[Input]

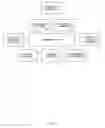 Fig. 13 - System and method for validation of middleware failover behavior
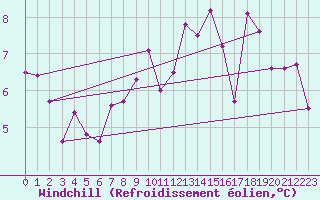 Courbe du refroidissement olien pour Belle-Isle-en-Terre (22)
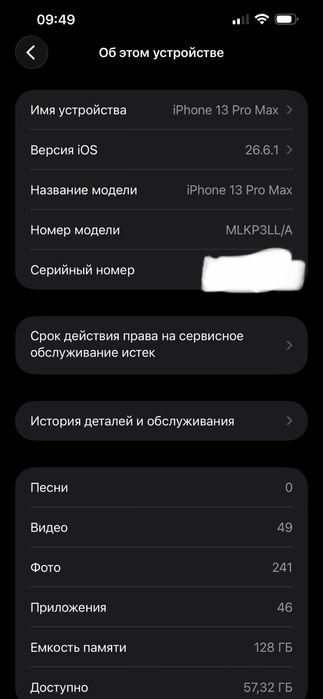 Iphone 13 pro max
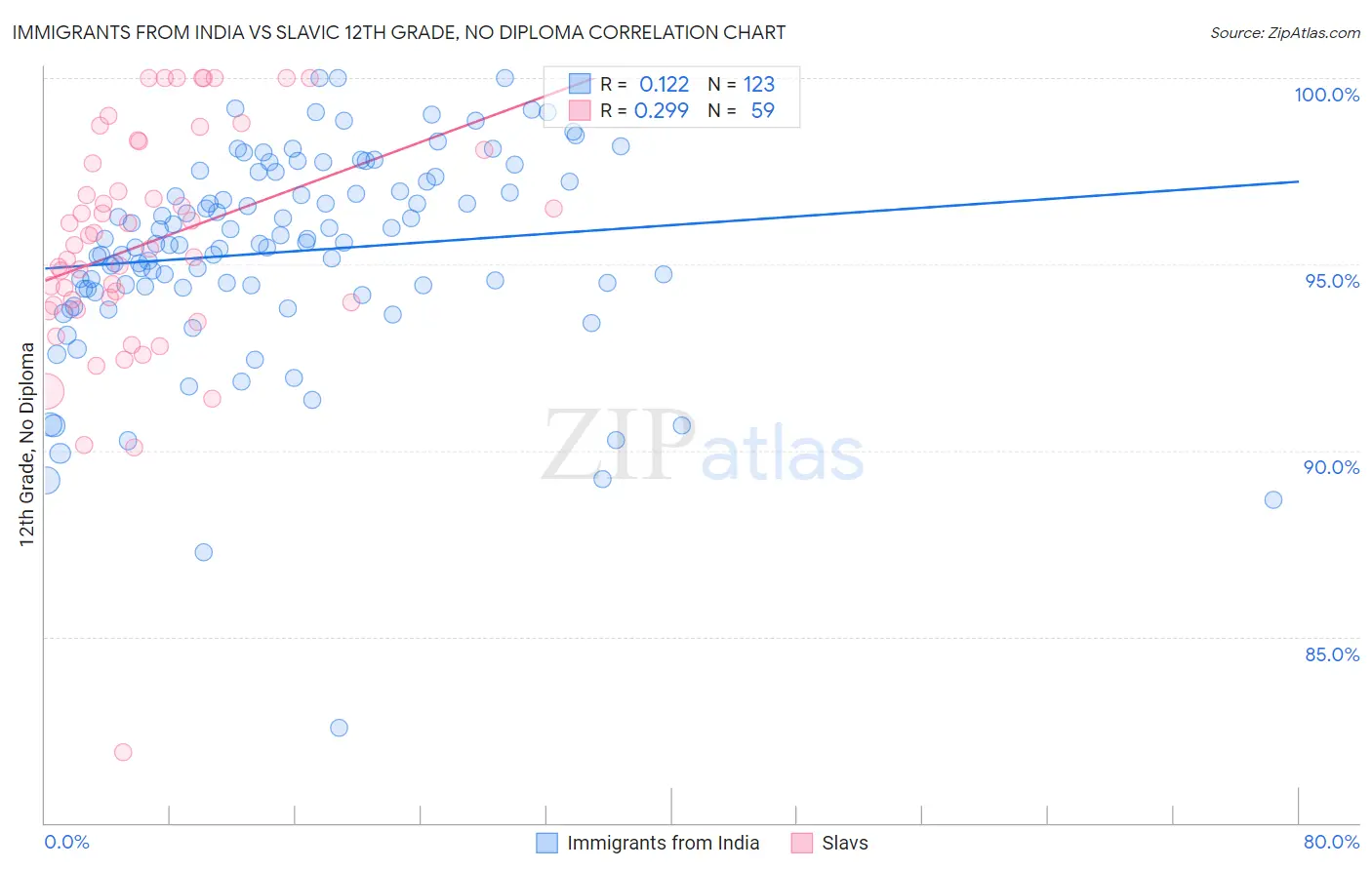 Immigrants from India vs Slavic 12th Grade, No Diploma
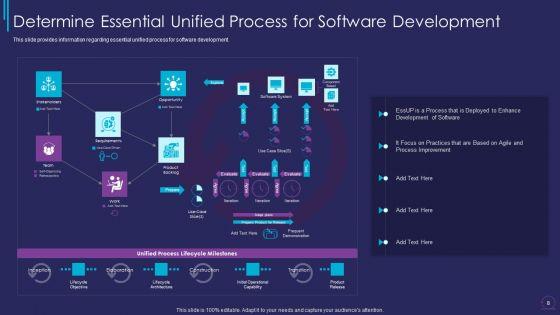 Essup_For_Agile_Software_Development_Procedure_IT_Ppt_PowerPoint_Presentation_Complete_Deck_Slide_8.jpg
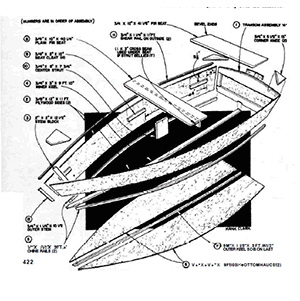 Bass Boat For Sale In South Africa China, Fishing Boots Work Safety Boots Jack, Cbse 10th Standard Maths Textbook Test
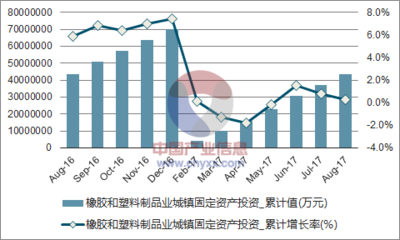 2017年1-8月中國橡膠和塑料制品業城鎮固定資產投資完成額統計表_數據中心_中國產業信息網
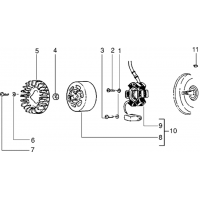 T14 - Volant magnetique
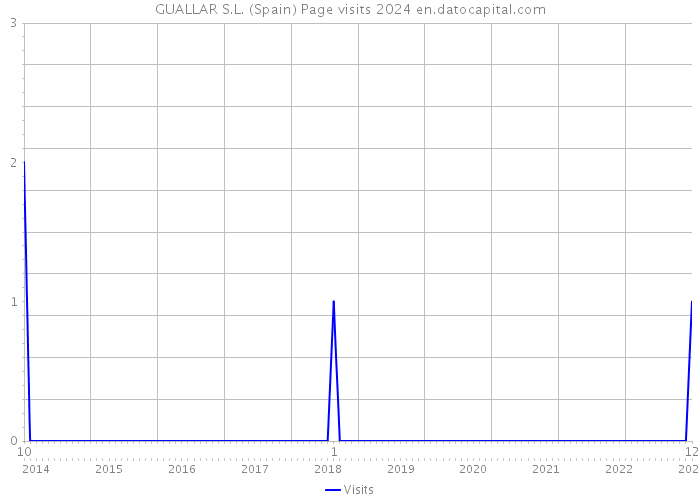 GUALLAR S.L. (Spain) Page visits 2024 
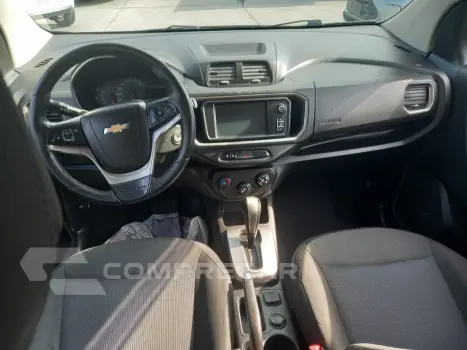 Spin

[/Input]
[Input]

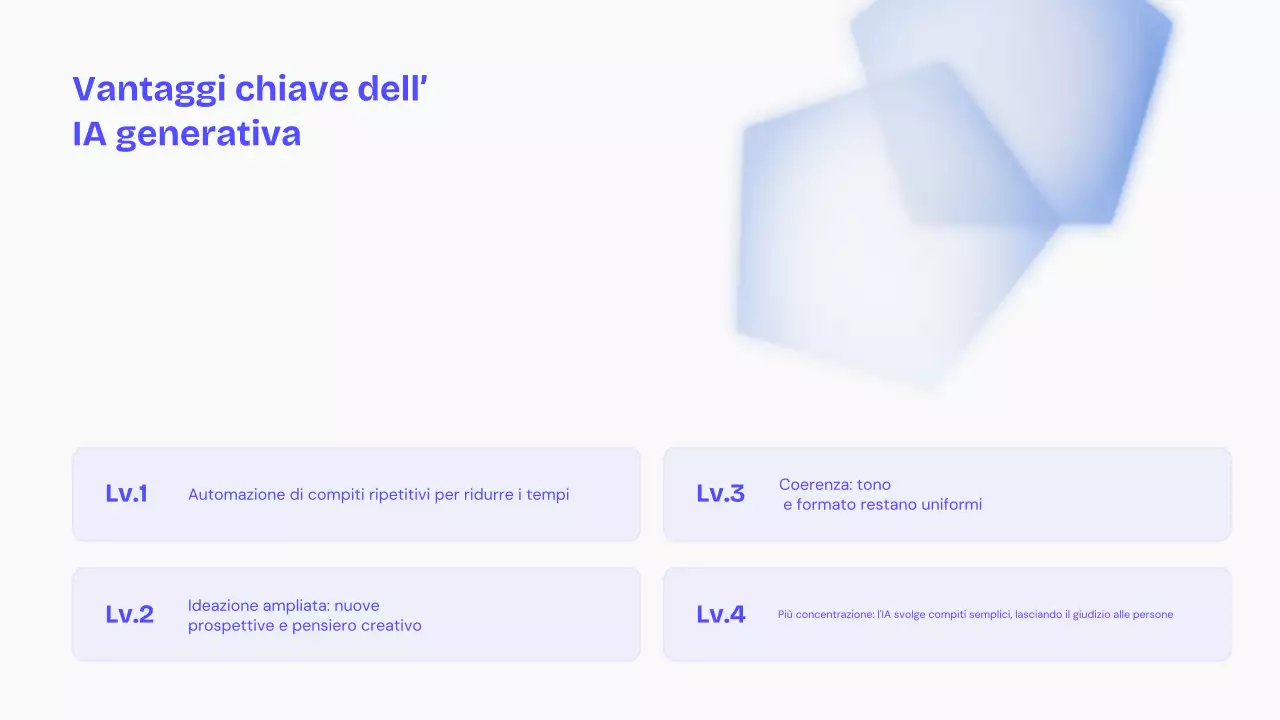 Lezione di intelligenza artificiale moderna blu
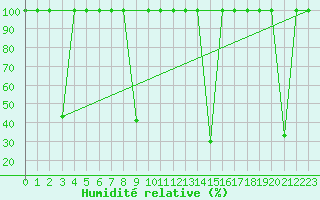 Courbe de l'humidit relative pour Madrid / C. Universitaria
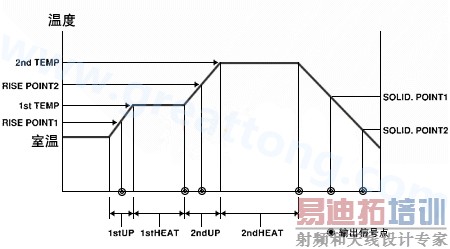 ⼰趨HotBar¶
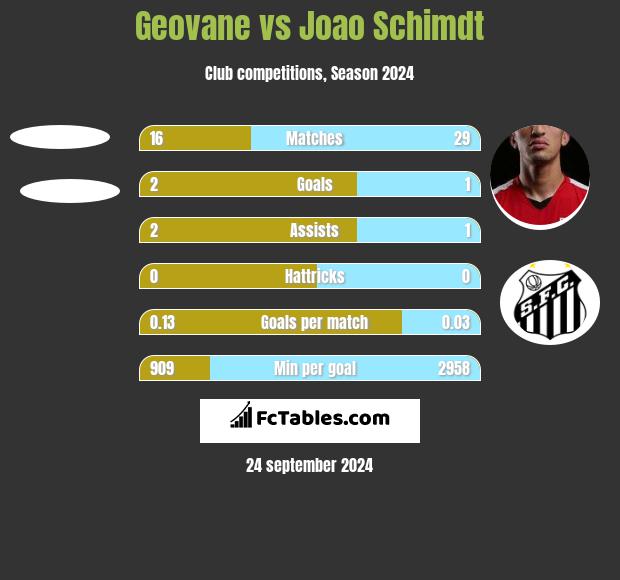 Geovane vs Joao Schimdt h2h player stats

[/Input]

→ Required work
Reproduce, exactly and only, the lines of the records above starting at the line with "Immigrants from India" and ending at the line with "T14 - Volant magnetique", both included. Leave every picture out.

→ Final answer
 Immigrants from India vs Slavic 12th Grade, No Diploma
 Essup_For_Agile_Software_Development_Procedure_IT_Ppt_PowerPoint_Presentation_Complete_Deck_Slide_8.jpg
 Bass Boat For Sale In South Africa China, Fishing Boots Work Safety Boots Jack, Cbse 10th Standard Maths Textbook Test
 2017年1-8月中國橡膠和塑料制品業城鎮固定資產投資完成額統計表_數據中心_中國產業信息網
 T14 - Volant magnetique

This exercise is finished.